Once I got home, I got ahold of my friend Matt Tuttle, one of the few partners willing to go out for a long-distance first ascent in the Uintas with me. We made plans to climb two days later.

We met at 4:30 a.m. and started the six-mile approach, reaching the base of the wall much earlier than expected. We built a campfire to stay warm while we waited for the sun to reveal our route.

Low snow coverage made navigating the talus below the face slow and tedious, but we still arrived at the route in decent time. We decided to simul-solo as much of it as we could and set off swinging. The first 400’ went quickly—fun alpine ice in gullies and corner systems.
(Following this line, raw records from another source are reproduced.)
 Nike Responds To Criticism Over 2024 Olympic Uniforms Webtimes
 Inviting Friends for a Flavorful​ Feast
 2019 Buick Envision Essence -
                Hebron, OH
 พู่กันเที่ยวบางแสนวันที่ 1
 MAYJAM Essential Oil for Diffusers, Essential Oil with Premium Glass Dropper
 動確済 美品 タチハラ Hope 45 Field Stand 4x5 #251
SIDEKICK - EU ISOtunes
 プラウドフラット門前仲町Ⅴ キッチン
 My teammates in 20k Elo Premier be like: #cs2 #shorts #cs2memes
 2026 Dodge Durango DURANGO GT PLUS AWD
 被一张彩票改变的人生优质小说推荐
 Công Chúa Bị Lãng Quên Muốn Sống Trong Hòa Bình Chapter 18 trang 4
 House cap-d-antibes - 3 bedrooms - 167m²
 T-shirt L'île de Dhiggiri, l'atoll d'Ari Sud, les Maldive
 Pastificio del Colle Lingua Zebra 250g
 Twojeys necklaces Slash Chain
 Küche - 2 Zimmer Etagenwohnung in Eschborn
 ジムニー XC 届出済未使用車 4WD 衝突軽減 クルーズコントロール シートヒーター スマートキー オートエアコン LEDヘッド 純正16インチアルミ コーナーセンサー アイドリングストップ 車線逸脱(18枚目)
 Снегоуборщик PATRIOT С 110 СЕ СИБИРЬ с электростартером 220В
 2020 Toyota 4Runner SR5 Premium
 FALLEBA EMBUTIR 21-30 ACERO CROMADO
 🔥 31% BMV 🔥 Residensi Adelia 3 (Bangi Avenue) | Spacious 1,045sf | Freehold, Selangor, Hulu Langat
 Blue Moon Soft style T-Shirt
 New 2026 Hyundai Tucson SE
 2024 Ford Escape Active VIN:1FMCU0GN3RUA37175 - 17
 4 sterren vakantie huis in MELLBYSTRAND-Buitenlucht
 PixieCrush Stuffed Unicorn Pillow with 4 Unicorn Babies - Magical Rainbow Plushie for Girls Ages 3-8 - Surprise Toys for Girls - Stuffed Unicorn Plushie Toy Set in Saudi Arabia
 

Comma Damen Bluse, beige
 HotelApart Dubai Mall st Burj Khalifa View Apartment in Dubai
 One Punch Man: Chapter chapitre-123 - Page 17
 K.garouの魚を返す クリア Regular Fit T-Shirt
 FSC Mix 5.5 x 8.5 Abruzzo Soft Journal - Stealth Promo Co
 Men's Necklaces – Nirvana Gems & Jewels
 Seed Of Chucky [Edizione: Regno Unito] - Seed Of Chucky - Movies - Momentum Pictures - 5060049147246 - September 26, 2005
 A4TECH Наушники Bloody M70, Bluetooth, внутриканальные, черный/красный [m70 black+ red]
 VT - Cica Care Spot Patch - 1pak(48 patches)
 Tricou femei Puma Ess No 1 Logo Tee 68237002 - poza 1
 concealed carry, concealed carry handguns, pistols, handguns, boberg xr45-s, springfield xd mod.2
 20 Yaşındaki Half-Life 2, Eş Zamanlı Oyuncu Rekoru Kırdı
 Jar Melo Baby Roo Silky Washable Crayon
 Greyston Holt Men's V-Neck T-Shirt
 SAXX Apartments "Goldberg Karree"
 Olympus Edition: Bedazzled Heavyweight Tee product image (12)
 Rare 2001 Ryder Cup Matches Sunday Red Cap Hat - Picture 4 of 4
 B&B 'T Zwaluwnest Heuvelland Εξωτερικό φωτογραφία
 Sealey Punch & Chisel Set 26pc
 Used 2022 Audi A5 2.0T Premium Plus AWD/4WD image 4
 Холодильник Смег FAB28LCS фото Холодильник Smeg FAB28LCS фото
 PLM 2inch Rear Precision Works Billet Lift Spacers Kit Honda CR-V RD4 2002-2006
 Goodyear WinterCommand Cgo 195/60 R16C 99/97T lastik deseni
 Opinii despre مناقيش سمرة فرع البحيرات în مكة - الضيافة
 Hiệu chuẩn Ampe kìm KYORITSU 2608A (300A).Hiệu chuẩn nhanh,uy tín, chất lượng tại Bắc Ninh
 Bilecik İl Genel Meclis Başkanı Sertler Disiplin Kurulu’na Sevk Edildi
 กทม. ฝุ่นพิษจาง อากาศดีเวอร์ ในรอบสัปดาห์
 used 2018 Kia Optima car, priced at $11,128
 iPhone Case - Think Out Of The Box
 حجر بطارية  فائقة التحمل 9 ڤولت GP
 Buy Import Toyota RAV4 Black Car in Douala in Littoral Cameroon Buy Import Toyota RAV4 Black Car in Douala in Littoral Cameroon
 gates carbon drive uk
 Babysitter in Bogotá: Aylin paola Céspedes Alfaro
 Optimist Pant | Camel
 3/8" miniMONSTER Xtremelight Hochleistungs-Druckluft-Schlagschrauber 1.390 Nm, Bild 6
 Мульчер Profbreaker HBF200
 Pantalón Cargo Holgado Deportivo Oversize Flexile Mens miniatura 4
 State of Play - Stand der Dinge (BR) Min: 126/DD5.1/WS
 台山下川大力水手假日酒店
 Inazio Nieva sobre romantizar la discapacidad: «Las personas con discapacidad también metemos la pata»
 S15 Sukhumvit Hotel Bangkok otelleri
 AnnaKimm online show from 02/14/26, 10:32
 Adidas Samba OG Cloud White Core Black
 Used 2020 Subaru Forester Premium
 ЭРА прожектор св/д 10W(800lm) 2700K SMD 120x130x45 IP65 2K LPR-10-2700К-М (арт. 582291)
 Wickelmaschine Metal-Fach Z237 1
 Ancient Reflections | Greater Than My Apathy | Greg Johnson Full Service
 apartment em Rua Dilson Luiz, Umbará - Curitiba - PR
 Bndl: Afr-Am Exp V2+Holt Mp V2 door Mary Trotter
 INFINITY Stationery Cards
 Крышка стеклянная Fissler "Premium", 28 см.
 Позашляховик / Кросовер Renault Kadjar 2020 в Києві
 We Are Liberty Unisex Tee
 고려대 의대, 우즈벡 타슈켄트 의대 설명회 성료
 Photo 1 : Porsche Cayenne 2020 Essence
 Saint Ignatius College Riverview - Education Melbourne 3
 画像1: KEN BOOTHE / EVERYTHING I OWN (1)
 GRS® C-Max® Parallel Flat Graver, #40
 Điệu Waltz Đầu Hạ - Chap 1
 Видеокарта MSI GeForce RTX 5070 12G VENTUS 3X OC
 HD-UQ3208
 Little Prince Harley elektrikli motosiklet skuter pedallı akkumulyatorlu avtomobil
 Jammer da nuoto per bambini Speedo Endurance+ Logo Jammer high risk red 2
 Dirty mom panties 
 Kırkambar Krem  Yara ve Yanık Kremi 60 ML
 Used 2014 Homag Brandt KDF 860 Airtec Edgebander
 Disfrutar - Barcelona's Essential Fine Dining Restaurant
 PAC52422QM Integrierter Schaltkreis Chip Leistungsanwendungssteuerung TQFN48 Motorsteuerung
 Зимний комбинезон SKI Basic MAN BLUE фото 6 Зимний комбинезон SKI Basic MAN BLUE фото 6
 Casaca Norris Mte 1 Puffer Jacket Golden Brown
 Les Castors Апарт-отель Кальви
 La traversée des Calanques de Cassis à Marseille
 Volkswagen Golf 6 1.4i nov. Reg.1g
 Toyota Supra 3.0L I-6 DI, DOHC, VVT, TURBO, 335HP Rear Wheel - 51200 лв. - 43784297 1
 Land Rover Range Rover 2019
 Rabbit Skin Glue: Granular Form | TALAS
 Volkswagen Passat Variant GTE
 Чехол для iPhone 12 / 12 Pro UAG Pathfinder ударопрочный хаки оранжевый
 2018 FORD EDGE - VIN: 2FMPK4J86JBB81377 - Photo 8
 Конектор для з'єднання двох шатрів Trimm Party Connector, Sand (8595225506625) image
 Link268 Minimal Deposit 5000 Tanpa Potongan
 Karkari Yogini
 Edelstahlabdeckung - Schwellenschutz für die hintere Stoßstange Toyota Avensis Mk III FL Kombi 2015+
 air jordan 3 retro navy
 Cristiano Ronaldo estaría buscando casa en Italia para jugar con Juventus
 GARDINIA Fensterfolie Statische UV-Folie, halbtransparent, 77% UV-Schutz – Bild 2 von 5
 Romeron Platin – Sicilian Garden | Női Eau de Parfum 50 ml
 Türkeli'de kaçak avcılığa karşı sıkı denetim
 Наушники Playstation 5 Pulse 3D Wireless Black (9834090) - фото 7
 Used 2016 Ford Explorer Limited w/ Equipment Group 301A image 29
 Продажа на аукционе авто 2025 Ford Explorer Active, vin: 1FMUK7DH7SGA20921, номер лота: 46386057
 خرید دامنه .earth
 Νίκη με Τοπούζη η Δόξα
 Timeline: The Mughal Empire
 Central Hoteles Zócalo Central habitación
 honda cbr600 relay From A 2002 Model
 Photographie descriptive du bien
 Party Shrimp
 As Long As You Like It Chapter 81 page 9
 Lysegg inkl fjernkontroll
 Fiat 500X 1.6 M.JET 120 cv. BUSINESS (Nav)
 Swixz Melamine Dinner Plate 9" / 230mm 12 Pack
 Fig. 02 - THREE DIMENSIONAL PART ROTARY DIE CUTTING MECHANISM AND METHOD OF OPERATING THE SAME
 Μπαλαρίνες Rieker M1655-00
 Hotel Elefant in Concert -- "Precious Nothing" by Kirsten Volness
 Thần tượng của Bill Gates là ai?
I started up the next section, intending to solo, but brittle, dinner-plating ice caused me to back off and pull out a rope. A steeper pillar on the left of the gully had blue plastic ice, so I switched over and brought Matt up. The route could have continued up the same gully, but there would only be 100’ more technical climbing before it was all hiking to the ridge.

We unroped and traversed left along a ledge to reach the other gully. Unfortunately, the first pitch wasn’t quite in, so we decided to try a mixed variation to the right that I had spotted on the way up. It looked like 5.2 or 5.3 on rotten rock but ended up more like 5.6/5.7 on horrible rock. Matt did a great job weaving in and out of precarious stacked blocks. Once I followed, I realized just how bad this section was—there was almost no pro, and a fall by either of us would have been catastrophic. Luckily, neither of us fell.

After 100’ back in the gully, a fun vertical pillar led to lower-angle ice and snow before a final ice step. We unroped for a final scramble to the summit ridge at almost exactly 12,000’. As neither of us had summited Ostler—and any good new route should go to the summit—we left the packs in the talus and continued to the top.

The descent was agonizing over snow-covered talus, one slow and careful step after another, but we were thankful to still be in the last of the day’s sun. We reached the trail just before complete darkness, happy to switch back into trail runners for the marshy slog out. Two hours later, we were back at the cars, tired but psyched to have completed one of the longest alpine routes in Utah: Siren Song (1,600’ climbing distance, WI4- M4 R/X).